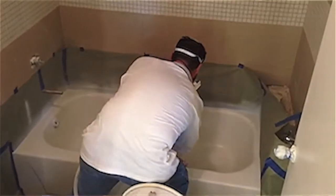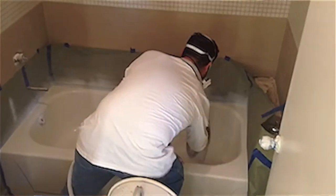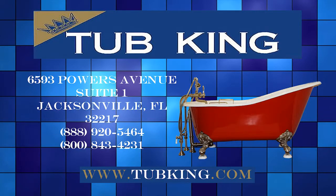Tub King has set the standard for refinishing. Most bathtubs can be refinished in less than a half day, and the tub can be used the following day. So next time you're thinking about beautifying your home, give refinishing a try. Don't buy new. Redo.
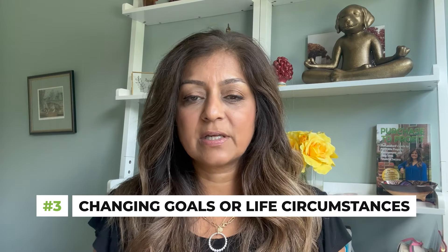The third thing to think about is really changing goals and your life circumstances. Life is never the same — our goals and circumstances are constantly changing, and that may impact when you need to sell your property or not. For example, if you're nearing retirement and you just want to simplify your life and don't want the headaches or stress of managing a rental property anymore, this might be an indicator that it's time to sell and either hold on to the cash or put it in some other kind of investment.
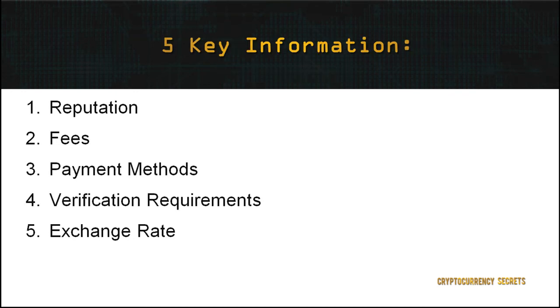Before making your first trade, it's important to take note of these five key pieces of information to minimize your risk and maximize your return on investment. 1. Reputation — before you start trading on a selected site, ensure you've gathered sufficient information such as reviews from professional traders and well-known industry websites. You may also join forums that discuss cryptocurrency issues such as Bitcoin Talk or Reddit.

**INSTRUCTIONS FOR THE TASK**
The pictures in the data should be omitted, and every remaining line set down exactly.

**ANSWER BELOW**
Tub King has set the standard for refinishing. Most bathtubs can be refinished in less than a half day, and the tub can be used the following day. So next time you're thinking about beautifying your home, give refinishing a try. Don't buy new. Redo.
The third thing to think about is really changing goals and your life circumstances. Life is never the same — our goals and circumstances are constantly changing, and that may impact when you need to sell your property or not. For example, if you're nearing retirement and you just want to simplify your life and don't want the headaches or stress of managing a rental property anymore, this might be an indicator that it's time to sell and either hold on to the cash or put it in some other kind of investment.
Before making your first trade, it's important to take note of these five key pieces of information to minimize your risk and maximize your return on investment. 1. Reputation — before you start trading on a selected site, ensure you've gathered sufficient information such as reviews from professional traders and well-known industry websites. You may also join forums that discuss cryptocurrency issues such as Bitcoin Talk or Reddit.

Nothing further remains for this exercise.